Autumn Leaves
Now in this autumn of repose
When Nature draws her breath
Afore the fall of winter’s leaden weight,
And the shadow of the Friend hangs close,
When furtive breezes stir the papers on my desk
And the ivy at my open casement licks,
It is my pleasure to step abroad
Amid the richly tinted world
Of golden lights and blushes deep,
And fall amidst
The cornflake crispness of yellow leaves,
Curled conch-like,
Chrysalid graveyard racked by autumn’s freshsome gusts
That swoop like carrion among the hollows
To waltz and whirl the scabrous skins
Of new-shed trees, mournful marionettes
That jig and jerk on withered wire,
Or tremble with the fretful flutter
Of a broken wing.
Even now, my love, the ivy flames,
Like into the blood-red flares that streak the sky
At eventide,
When birds wing silent to southern lands
And clip the edge of night,
And the cries of children echo far away
In the ringing silence of the ashen dusk.
’Rapt in my ‘loneness,
I tread the wanderer’s unended quest
Through russet realms,
Silent witness to the year’s long breathing out,
Footfalls muffled in seas of burnished tears
Wept in expiation of some unspoken deed,
Settling like the dust of time…
A calendar’s crumpled sheets scattered in the wind;
There us forgiveness in the falling of a leaf.
Oh Nature!
With what infernal beauty dust thou grace the ageing year!

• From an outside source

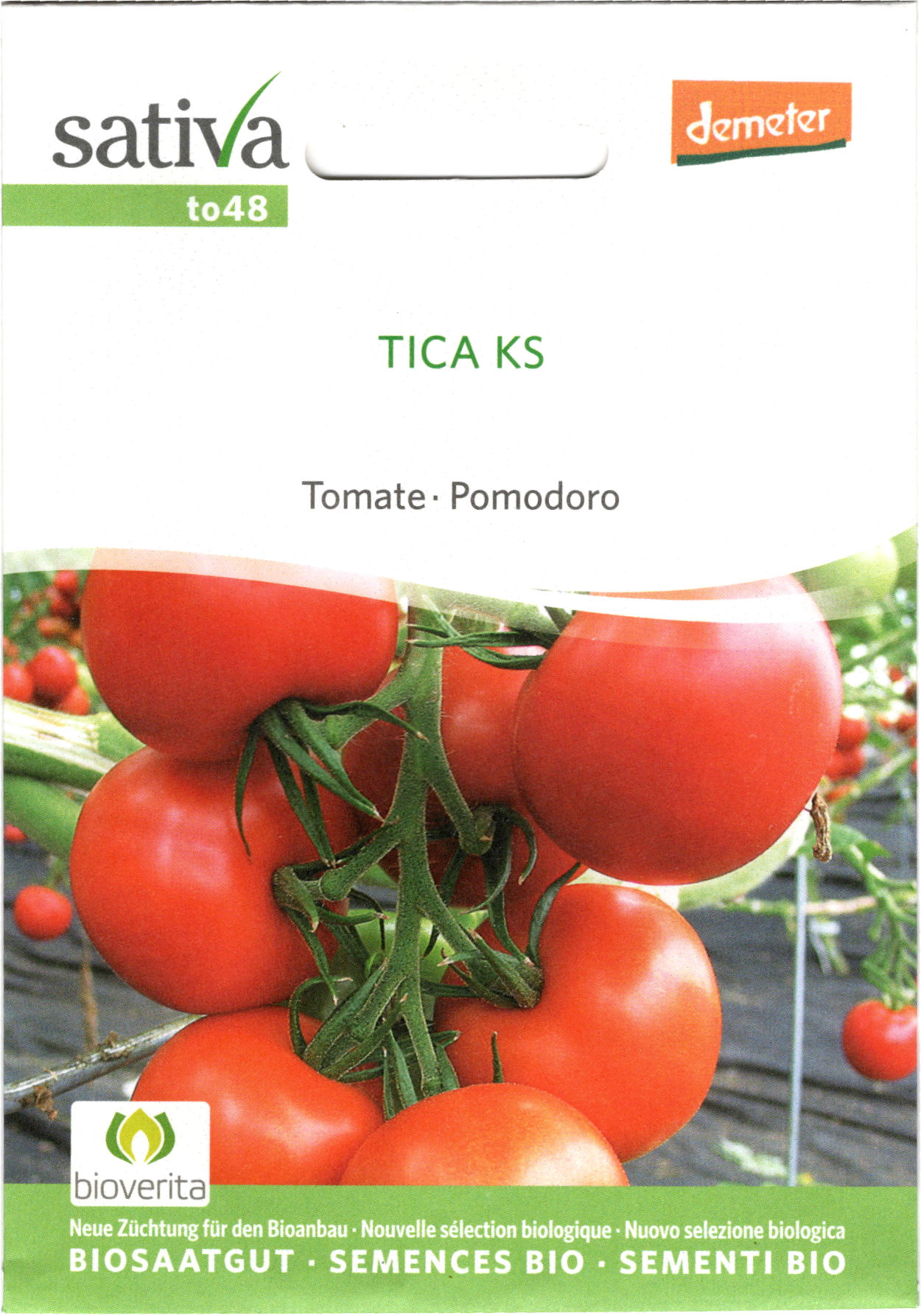 Tomatensaatgut Tica KS -S-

What rest the heart, what sweetness breathe
’Pon souls who more clamorous times
Hath known!
And oft I gaze ‘pon silvered hair and faces etched,
And see in them a deeper glow,
Like unto lanterns softly raying the night;
Youth’s sharp angles smoothed away
Like pebbles rolled long upon the bed
Of some swift stream;
Love claims the space desire hath fled
And peace fills up the mansions of the soul.
Then take me, dark angel,
For I have lived
And filled my saddlebags with spices rich.
Now in this time of rain,
With kindly fingers draw close my lids
And clasp me to thy satin robe
That I may quit this shattered bowl
And walk forever in the garden of my rest.